Brief descriptive captions
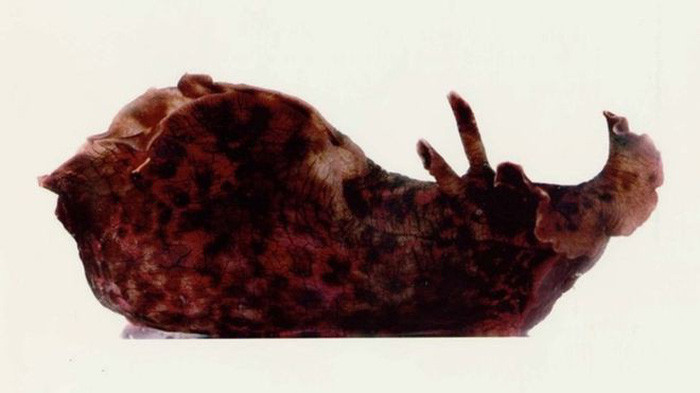 Picture 1 of Successful memory transplantation for snails
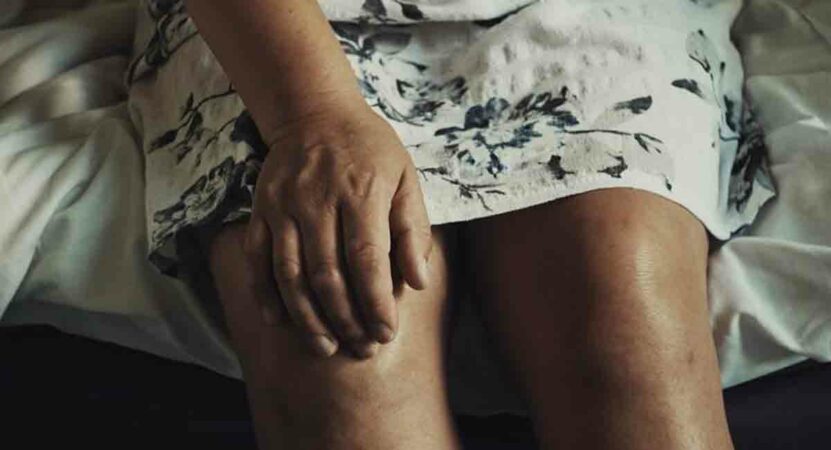 Rheumatoid Athritis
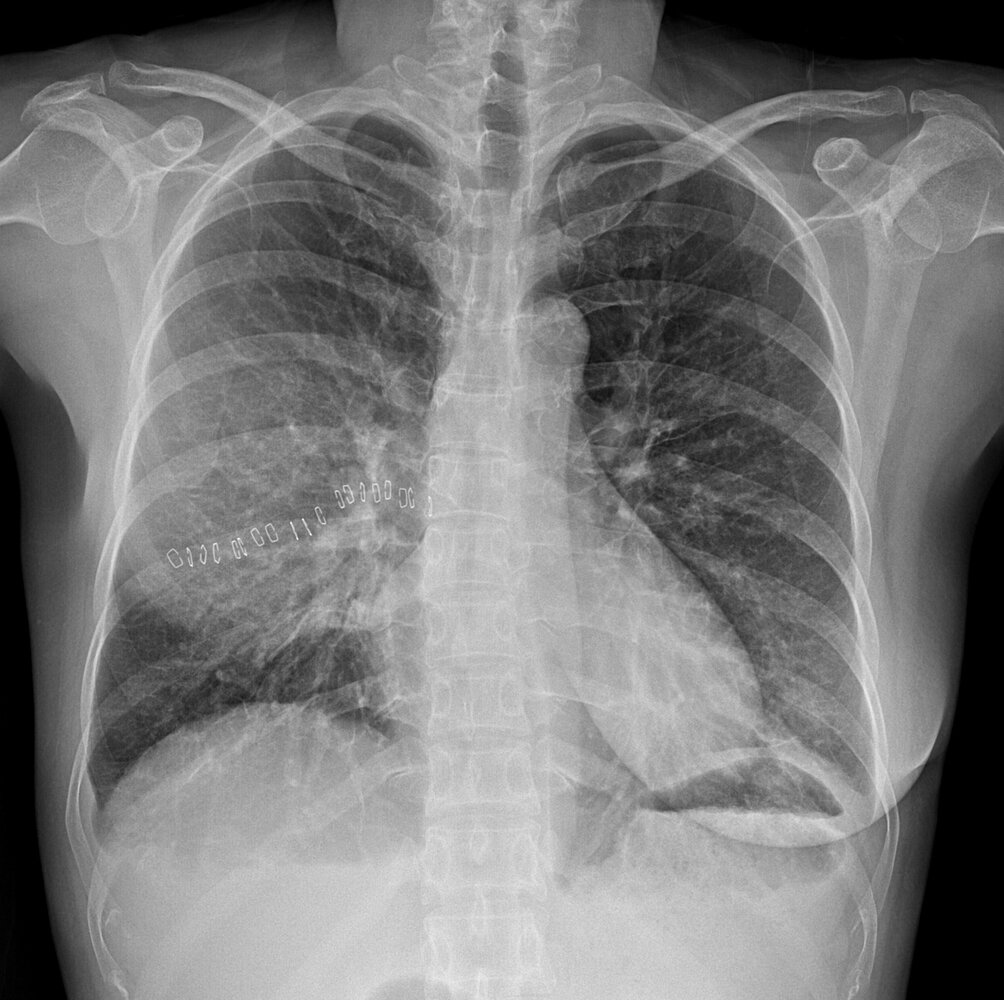 Costophrenic sulcus blunting from pleural effusion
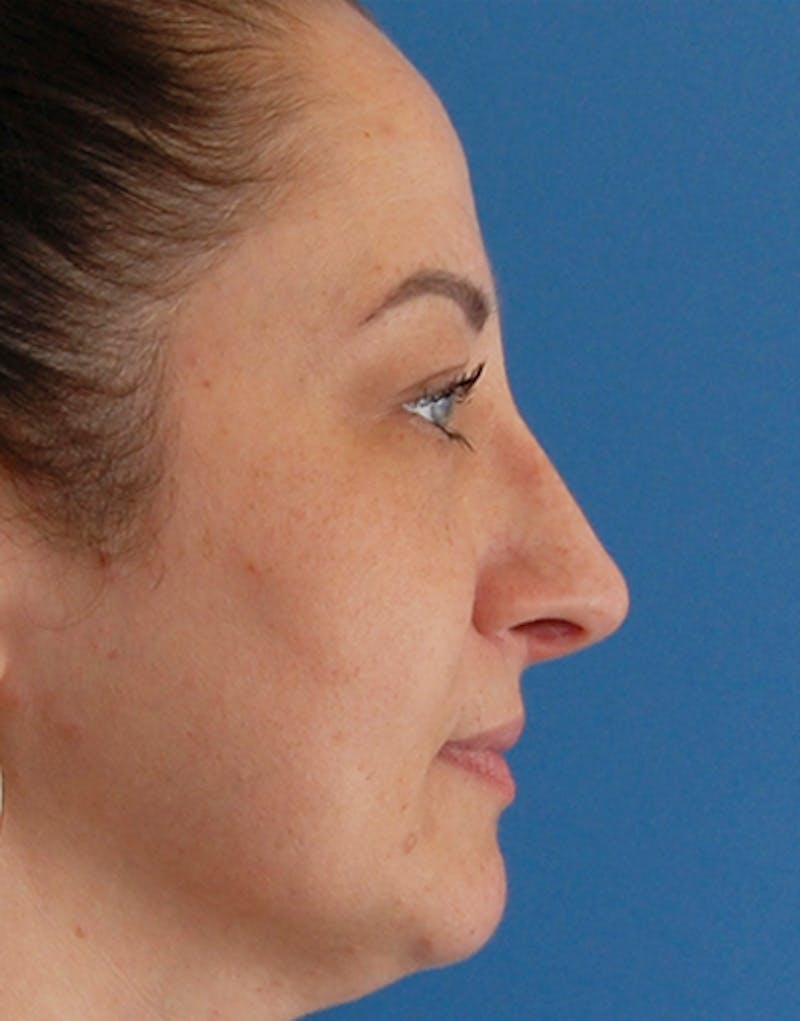 Rhinoplasty Before & After Gallery - Patient 158697 - Image 2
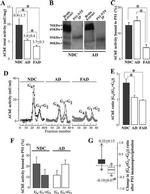 Acetylcholinesterase Antibody in Western Blot (WB)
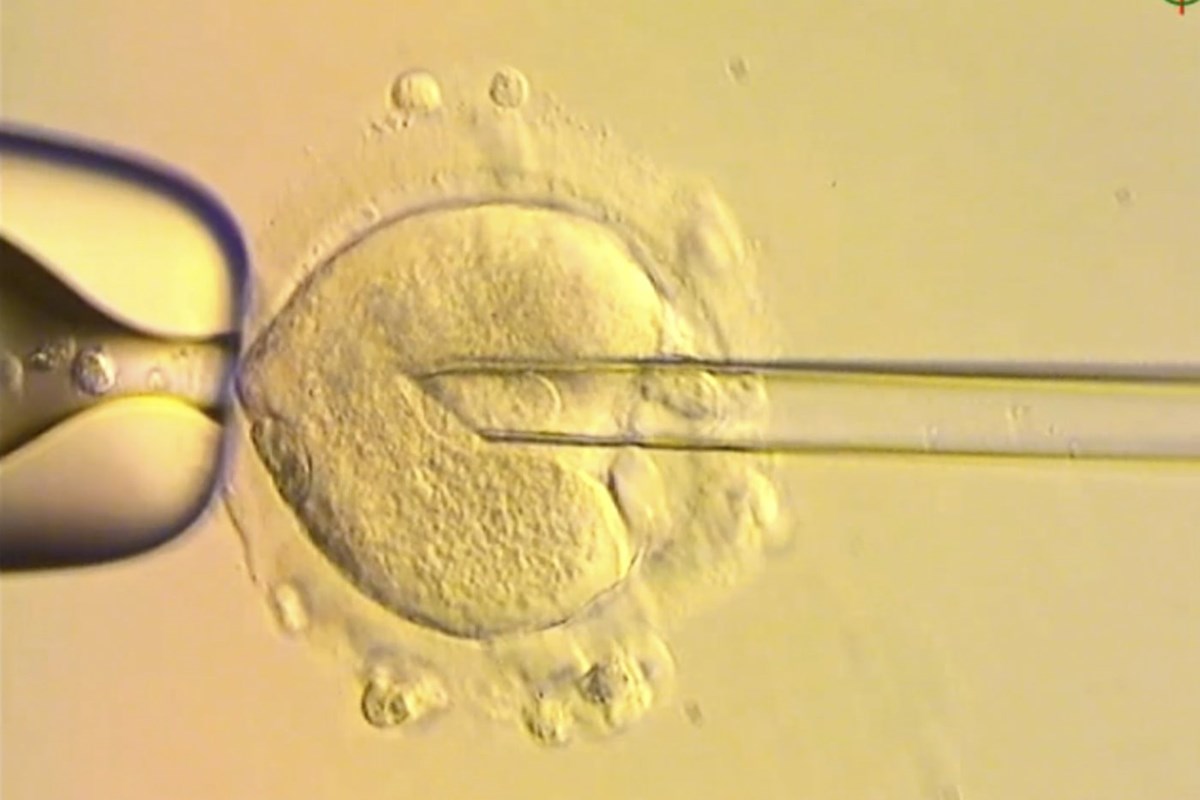 Healthy babies born in Britain after scientists used DNA from three people to avoid genetic disease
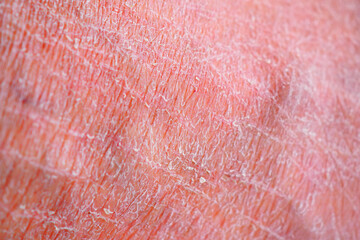 Skin surface showing dryness and texture changes in detail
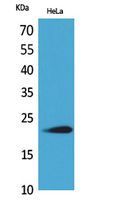 Rabbit Polyclonal Antibody to IFN-ω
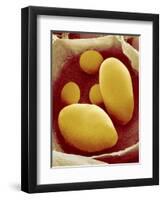 Starch Grains of Potato Cells-Micro Discovery-Framed Photographic Print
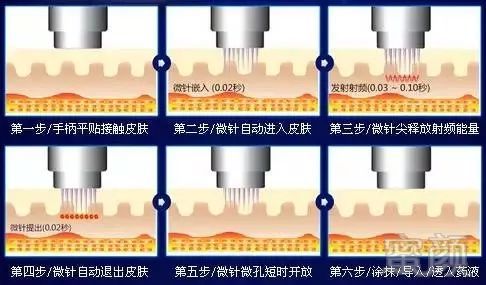 案例图片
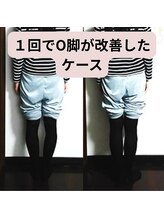 ベルフィオーレ/１回でO脚が改善したケース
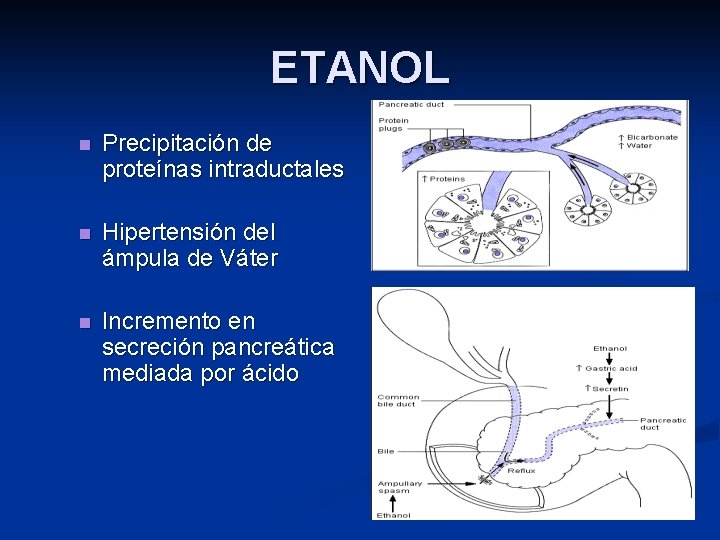 ETANOL n Precipitación de proteínas intraductales n Hipertensión del ámpula de Váter n Incremento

Assigned task
Could you reproduce exactly the lines from the one containing "Rheumatoid Athritis" through the last line of the records, both included, leaving out the pictures?

Written response
 Rheumatoid Athritis
 Costophrenic sulcus blunting from pleural effusion
 Rhinoplasty Before & After Gallery - Patient 158697 - Image 2
 Acetylcholinesterase Antibody in Western Blot (WB)
 Healthy babies born in Britain after scientists used DNA from three people to avoid genetic disease
 Skin surface showing dryness and texture changes in detail
 Rabbit Polyclonal Antibody to IFN-ω
 Starch Grains of Potato Cells-Micro Discovery-Framed Photographic Print
 案例图片
 ベルフィオーレ/１回でO脚が改善したケース
 ETANOL n Precipitación de proteínas intraductales n Hipertensión del ámpula de Váter n Incremento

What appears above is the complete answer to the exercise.